Tunisia’s president, Kais Saied, assumed almost total power in 2021, having sacked the prime minister, suspended parliament and enacted a constitution that gave him, as the head of state, supreme control and command of the military and granted him the ability to rule by decree.
In December’s election for the new, mostly powerless, legislature most of the opposition political parties announced an election boycott. It resulted in only 8.8 percent of the nine-million-strong electorate voting in the parliamentary elections. A required run-off election was held in January 2023 after only 21 candidates out of 161 Assembly seats were elected in the first round. Just 88,000, or 11 percent of the 7.8 million entitled to vote in the run-offs cast their ballots.
People, rather than feeling cheated of their right to vote, have understood that the election was not a sincere engagement in democracy.
A non-voter explained, ‘He promised serious reforms but we haven’t seen anything. People have had it with these promises and that’s why they boycotted the last two elections. They don’t believe this regime is going to find an answer to their problems, especially their economic problems’ (bit.ly/3ll6WuX).
Another said: ‘We don’t want elections. We want milk and sugar and cooking oil’ (bit.ly/3XipR6Q).
Despite losing legitimacy and credibility, Saied has remained in power, retains the loyalty of the army officers and continues to be recognised as the head of state by foreign governments and international institutions.
For example, he can still negotiate and secure from the International Monetary Fund a $1.9bn loan to finance his 2023 budget and accept the accompanying austerity conditions that will likely lead to ending food and fuel subsidies, cutting public spending on public health, education, social services and the privatisation of state enterprises (bit.ly/3llYbAV).
When in Hong Kong the people were deprived of a say in electing the Legislative Assembly, they saw that the district council elections, previously akin to neighbourhood council elections, offered them an opportunity to express their political preferences.
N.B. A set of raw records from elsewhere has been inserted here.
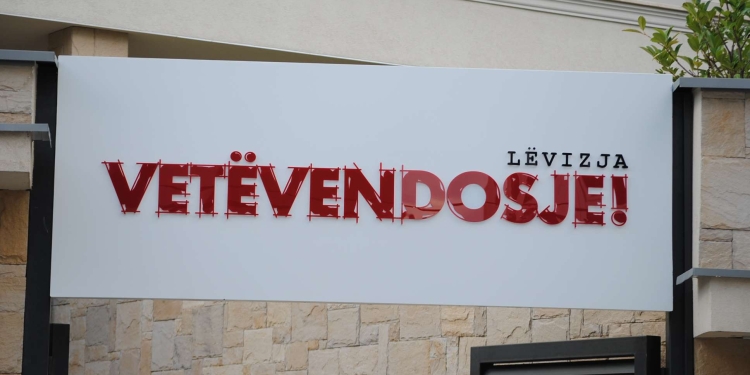 Publikohet marrëveshja në letër e Vetëvendosjes me tri parti të tjera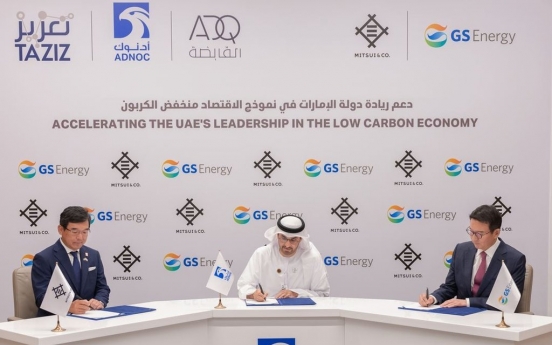 GS Energy to bring in annual 200,000 tons of blue ammonia from UAE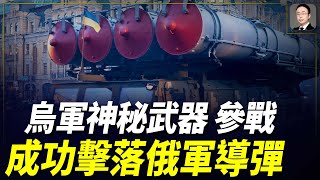 普京收到緊急報告：烏軍新研發神秘武器參戰，成功擊落俄軍製導炸彈，瞬間改寫戰場上的局勢！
Hong Kong’s pro-democracy candidates won close to 60 percent of the total vote, 347 of the 452 taking control of at least 17 of the city’s 18 district councils.
But once again, as we see with Tunisia, as long as political power is not in the hands of the people of Hong Kong, change will not happen. The election boycott strategy still preserves political power for the government and although its validity is questioned, it remains intact.
There are differences between boycotting elections, abstaining from voting and what is described as the Sinn Fein voting strategy of standing but, if elected, not taking the seat in Parliament.
What is important is capturing political power to exercise the will of the people. Simply abstaining from voting – or not taking the seat – is not sufficient
When there is no genuine socialist candidate, we favour going to the polling station to cast a write-in vote for socialism rather than merely abstaining as this shows that we attach some significance to the existence of the universal suffrage that our antecedents struggled to gain. In this country, where there is a stable political democracy, we favour using it to win political control. In other countries where this is not the case a socialist majority there would be obliged to adopt a different method. There will also be occasions, as in Tunisia, when a parliamentary process will be purposefully gerrymandered to deny the possibility of the people’s will.
We have never held that a merely formal majority at the polls will give the workers the power to achieve socialism. We have always emphasised that our fellow workers must be knowledgeable in the essentials of socialist ideas and be democratically organised.
A socialist party’s role is to strive to be educators, agitators and organisers, to act as catalysts and not to substitute the party for our class. Without an educated and organised working class as the motor for achieving socialism, we cannot have socialism.
William Morris put it well, ’It should be our special aim to make Socialists by putting before people, and especially the working classes, the elementary truths of socialism… efore any definite socialist action can be attempted, it must be backed up by a great body of intelligent opinion — the opinion of a great mass of people who are already socialists…’ (bit.ly/3YDLIqs).
It is not just the quantity of the votes but the quality of the voters behind them that will be decisive.